# Records for the exercise
^^^^^^^^^^^^^^^^
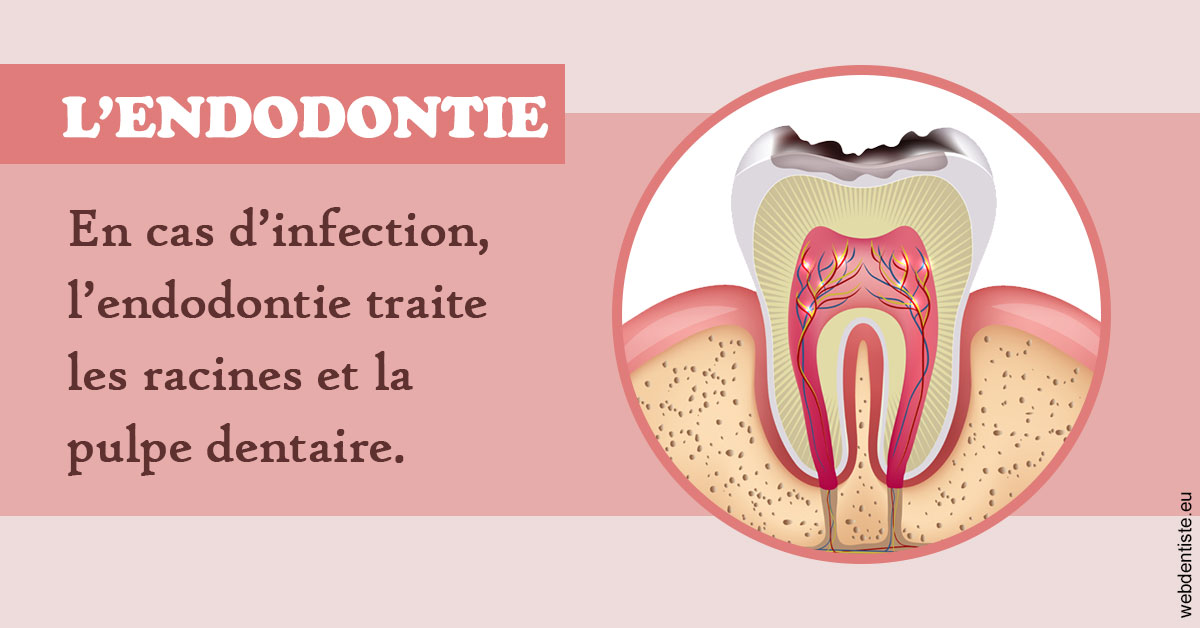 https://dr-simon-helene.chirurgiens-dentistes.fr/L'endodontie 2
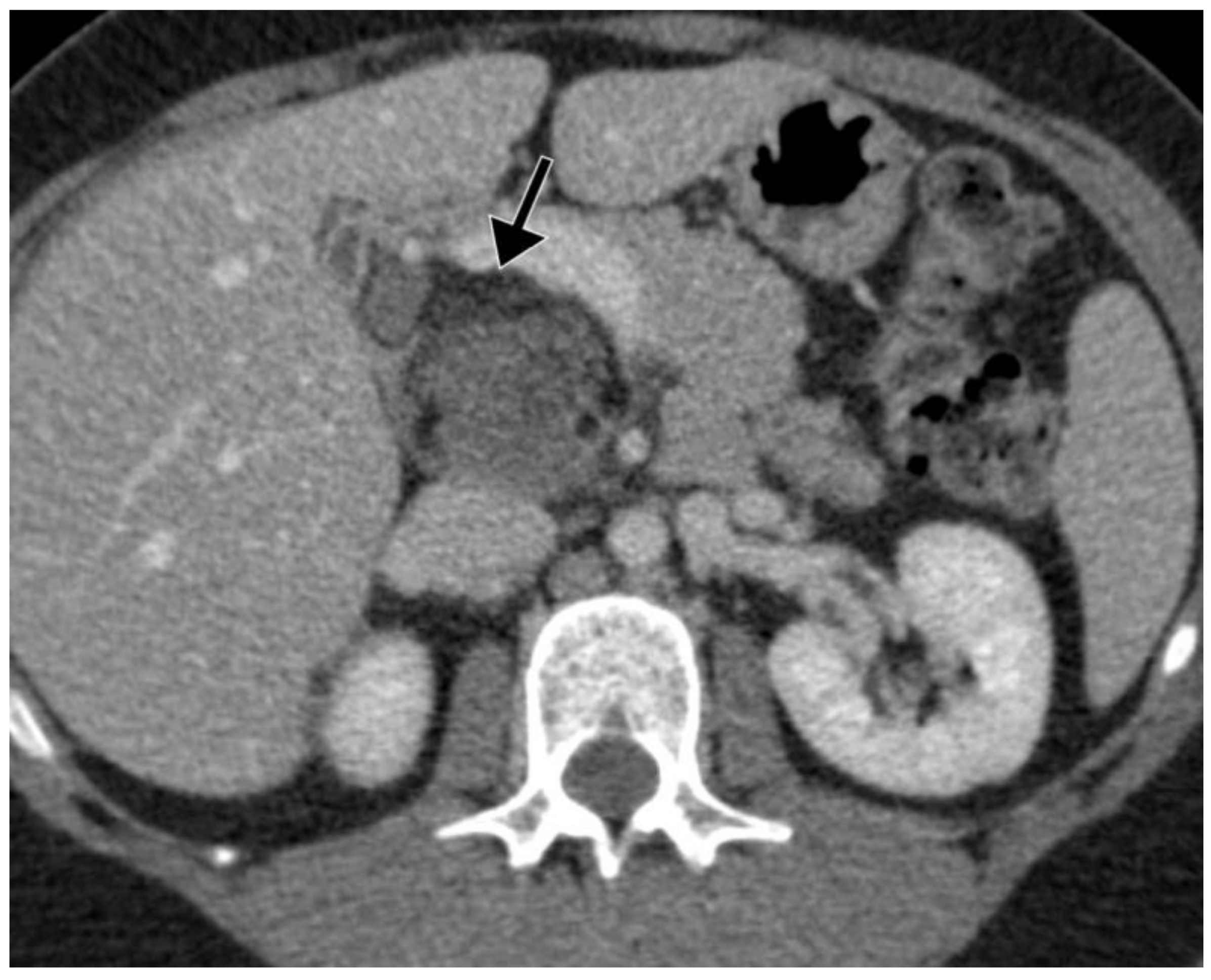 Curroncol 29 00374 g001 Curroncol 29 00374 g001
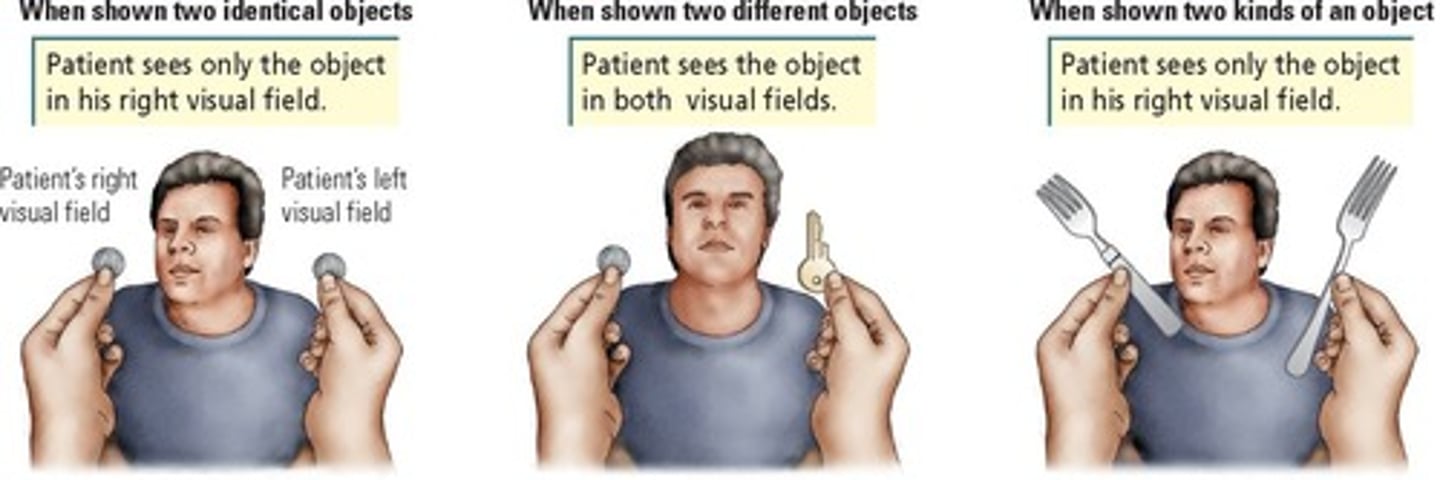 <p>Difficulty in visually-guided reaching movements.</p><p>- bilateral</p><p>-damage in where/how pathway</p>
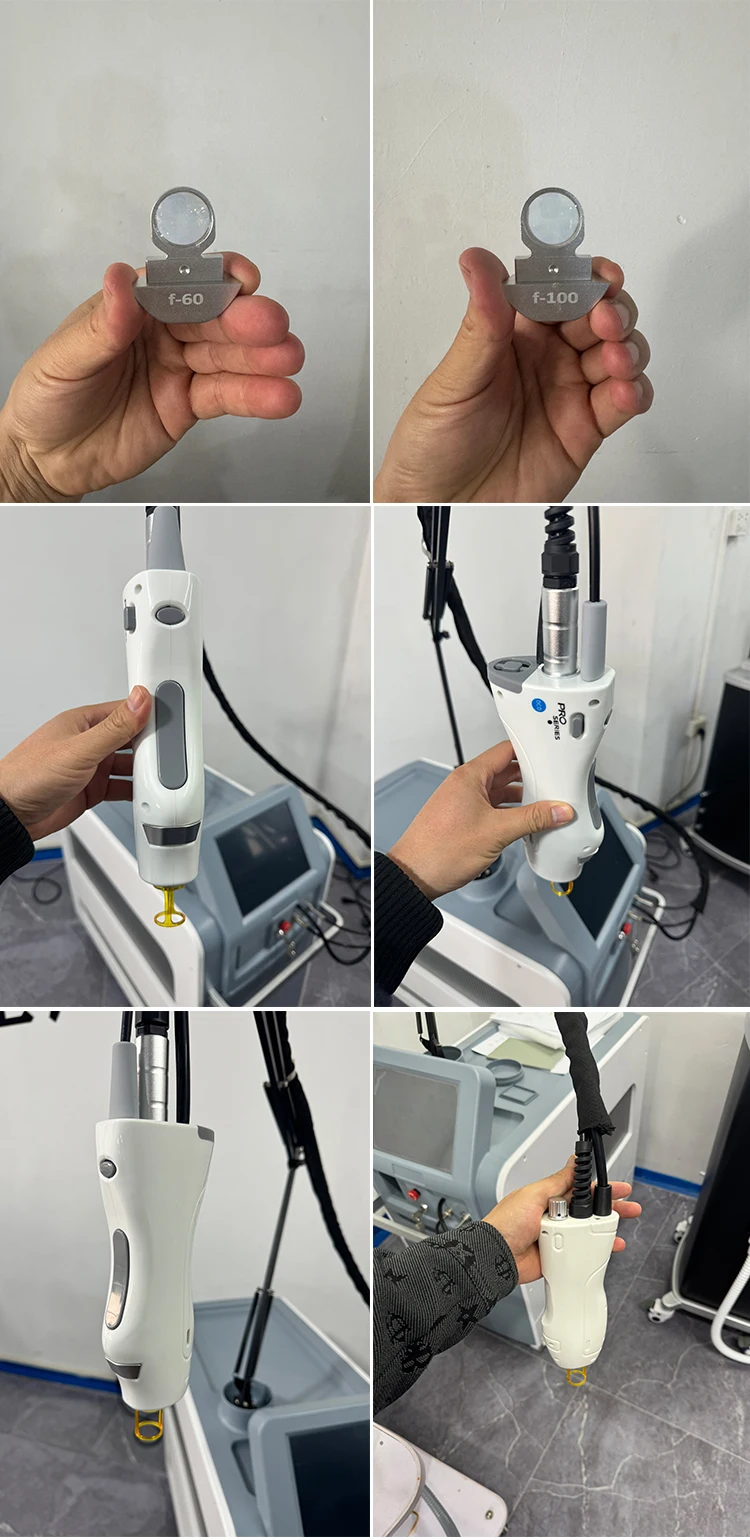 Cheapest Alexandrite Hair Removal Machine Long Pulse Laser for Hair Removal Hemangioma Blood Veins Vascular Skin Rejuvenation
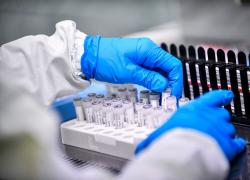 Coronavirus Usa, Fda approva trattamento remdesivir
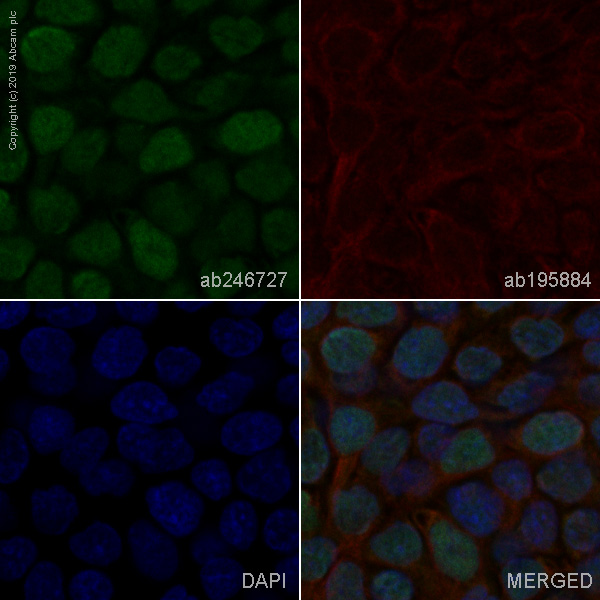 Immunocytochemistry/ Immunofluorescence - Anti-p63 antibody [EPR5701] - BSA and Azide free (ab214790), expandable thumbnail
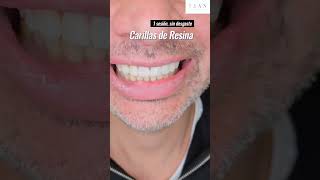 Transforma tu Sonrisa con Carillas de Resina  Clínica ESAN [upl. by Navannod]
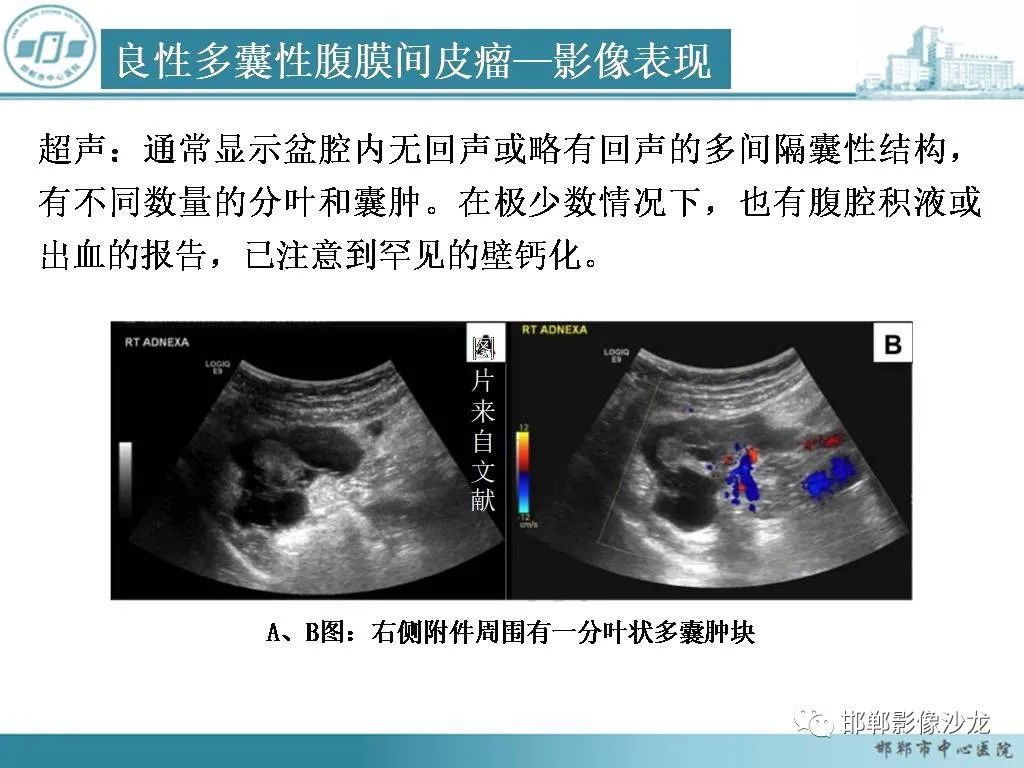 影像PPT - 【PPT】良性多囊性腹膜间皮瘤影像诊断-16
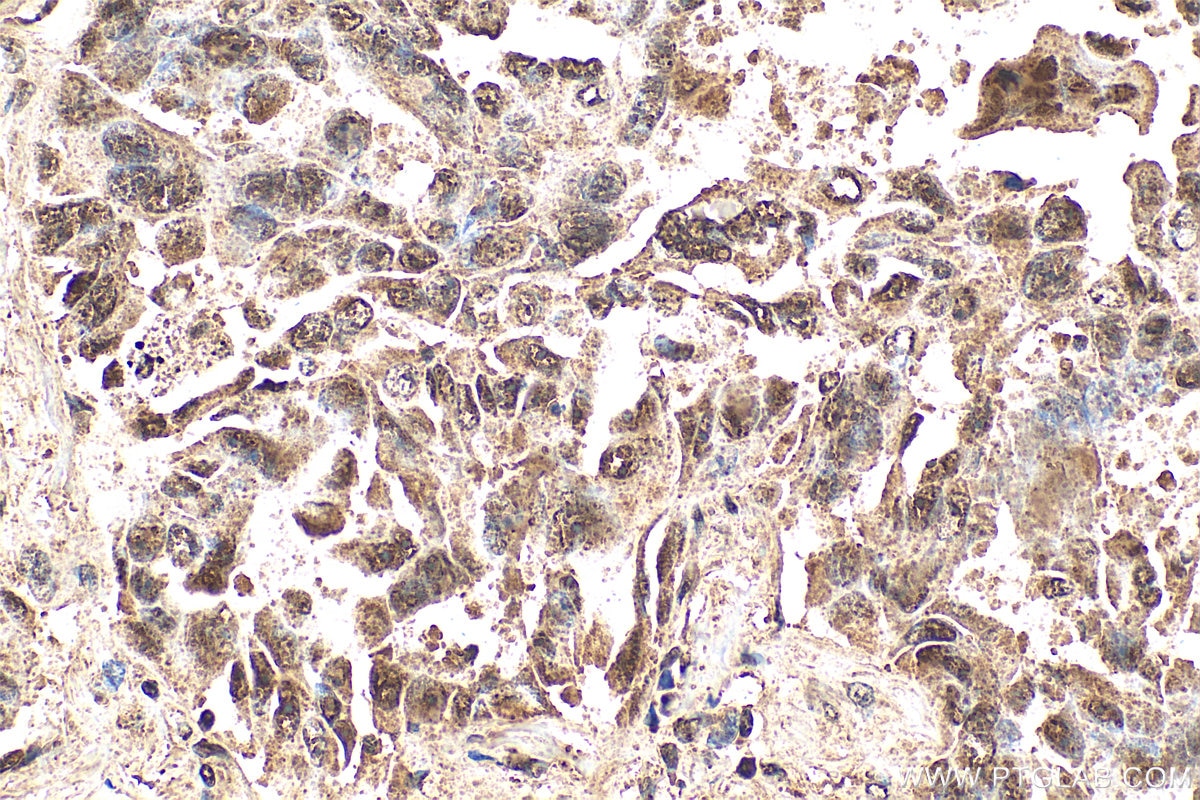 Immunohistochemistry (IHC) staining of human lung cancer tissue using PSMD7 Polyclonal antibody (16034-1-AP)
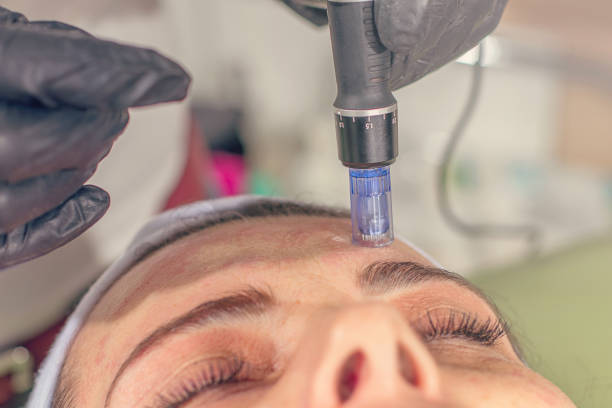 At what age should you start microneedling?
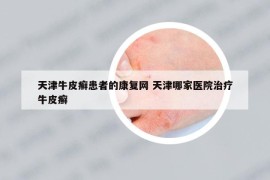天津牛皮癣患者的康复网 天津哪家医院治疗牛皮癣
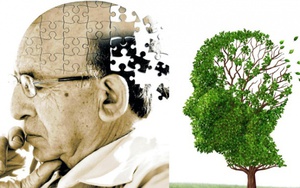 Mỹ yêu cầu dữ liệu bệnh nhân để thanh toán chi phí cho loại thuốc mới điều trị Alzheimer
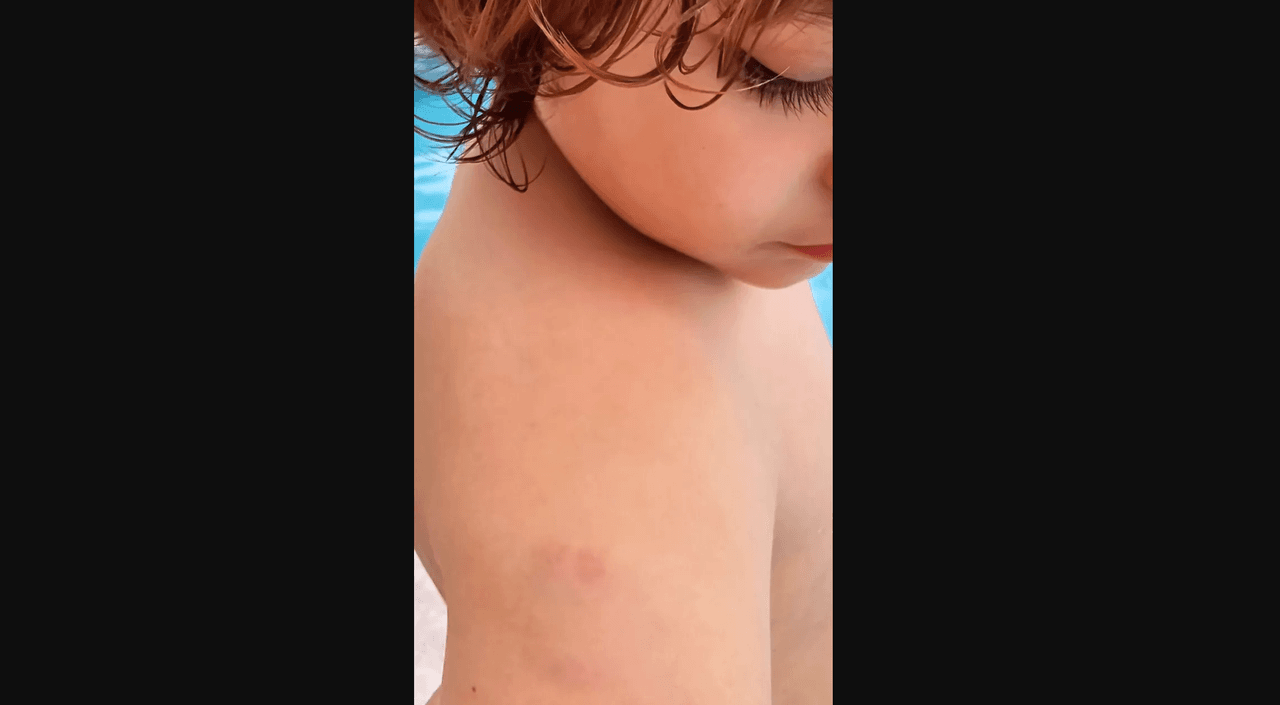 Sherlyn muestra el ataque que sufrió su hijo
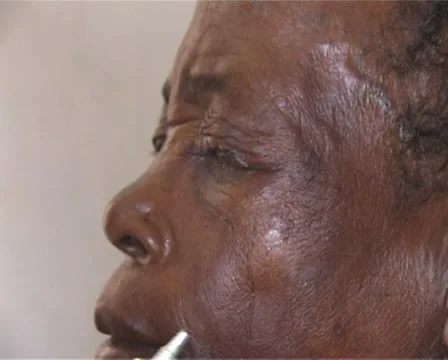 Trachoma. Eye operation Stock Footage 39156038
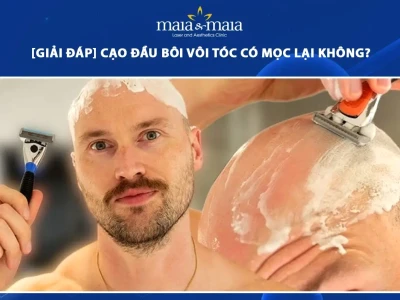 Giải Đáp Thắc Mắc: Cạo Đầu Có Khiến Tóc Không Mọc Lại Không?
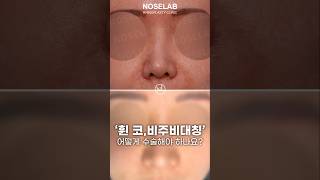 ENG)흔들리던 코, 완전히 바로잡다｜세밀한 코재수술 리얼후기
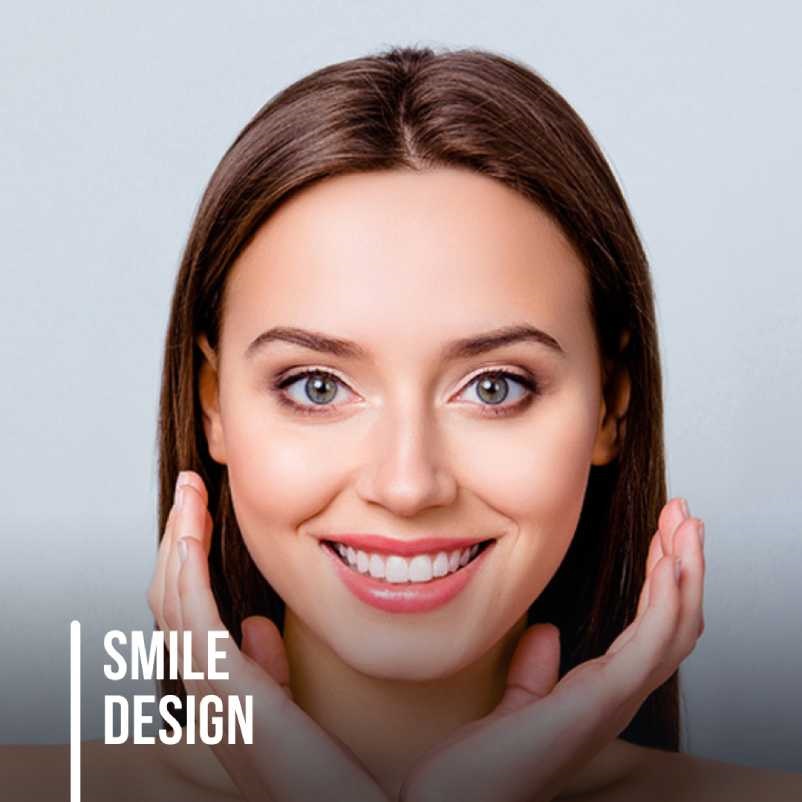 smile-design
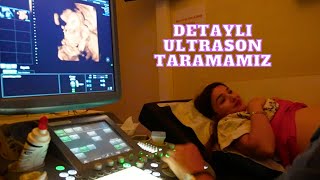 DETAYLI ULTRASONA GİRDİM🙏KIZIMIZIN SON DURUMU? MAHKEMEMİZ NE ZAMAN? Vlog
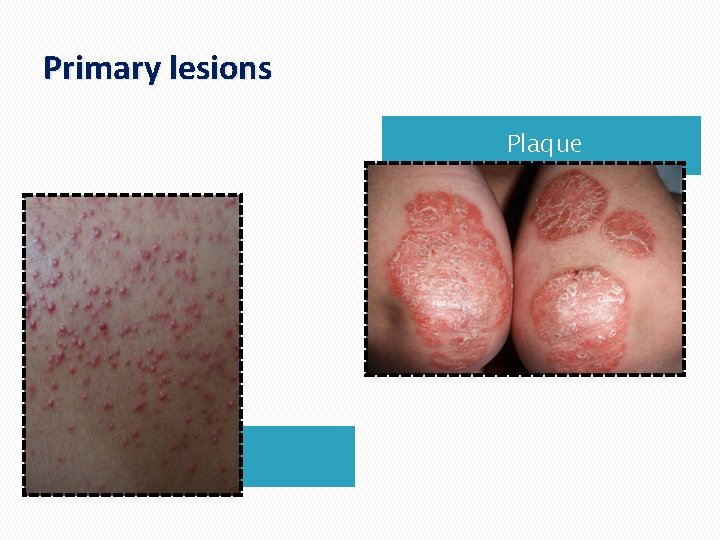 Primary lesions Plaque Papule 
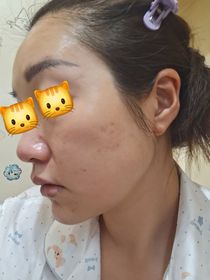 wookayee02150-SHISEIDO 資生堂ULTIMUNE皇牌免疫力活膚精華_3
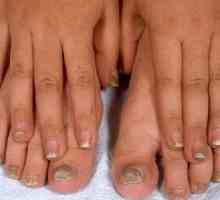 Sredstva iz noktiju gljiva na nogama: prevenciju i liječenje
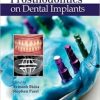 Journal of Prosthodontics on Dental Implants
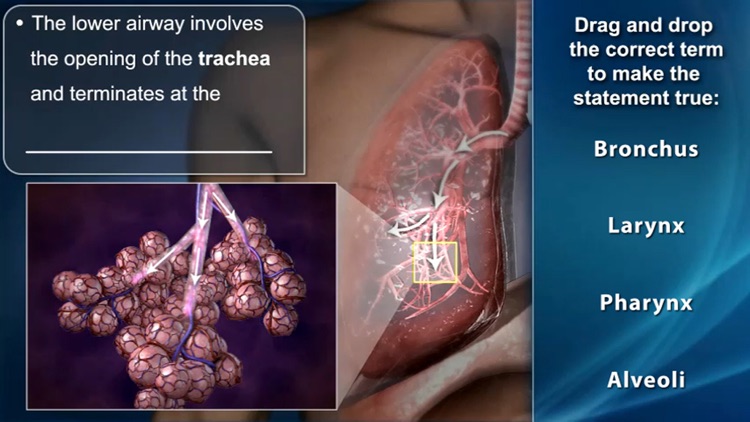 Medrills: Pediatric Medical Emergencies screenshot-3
^^^^^^^^^^^^^^^^
# Work required
Exact copy, pictures excluded: print only the lines from the line containing "Sredstva iz noktiju" through the end of the records.

# Task output
 Sredstva iz noktiju gljiva na nogama: prevenciju i liječenje
 Journal of Prosthodontics on Dental Implants
 Medrills: Pediatric Medical Emergencies screenshot-3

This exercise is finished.